• [Work order] The exercise calls for exact output of the lines between the one that contains "アツアツの茹で海老、車海老ら" and the end of the data, with both ends kept and pictures left out.

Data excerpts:
——————

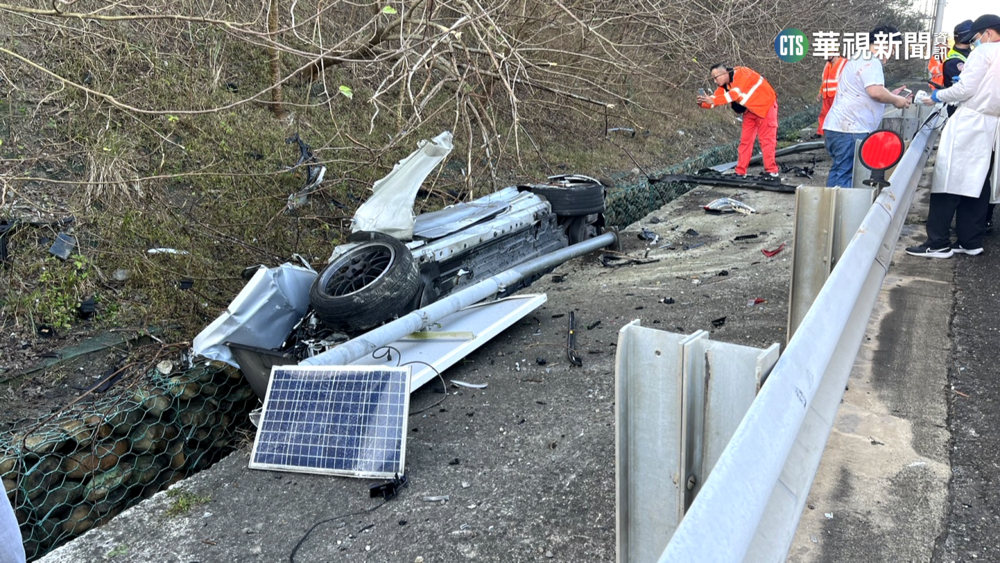 駕駛疑躲測速照相　轎車擦撞大貨車摔溝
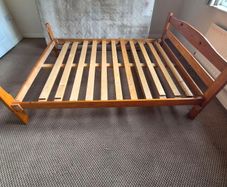 Queen bed
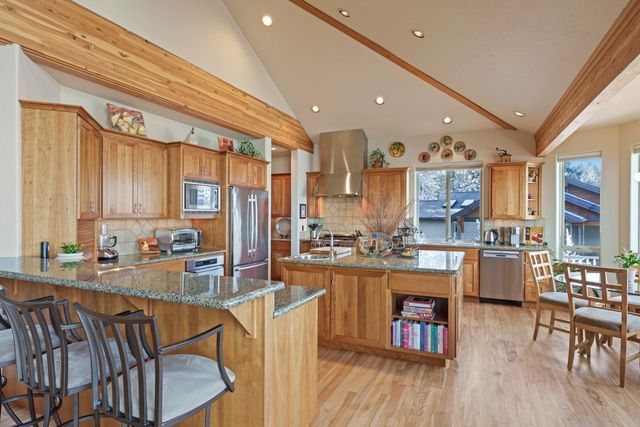 1600 NW Overlook Drive, Bend, OR 97703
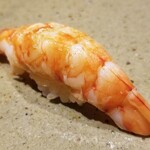 鮨匠 のむら - (20)車海老(鹿児島県出水産)(茹で立て)
      産卵期は初夏～初秋、旬は初夏～初秋。
      アツアツの茹で海老、車海老らしい濃厚な味を温かい茹で立てと温かいシャリで握って下さいます。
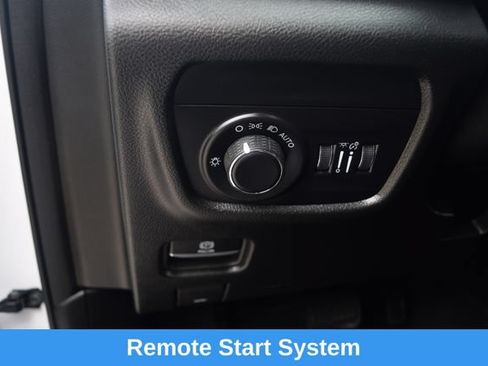 Used 2023 Jeep Grand Cherokee Altitude AWD/4WD image 7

——————

• [Response below]
      アツアツの茹で海老、車海老らしい濃厚な味を温かい茹で立てと温かいシャリで握って下さいます。
 Used 2023 Jeep Grand Cherokee Altitude AWD/4WD image 7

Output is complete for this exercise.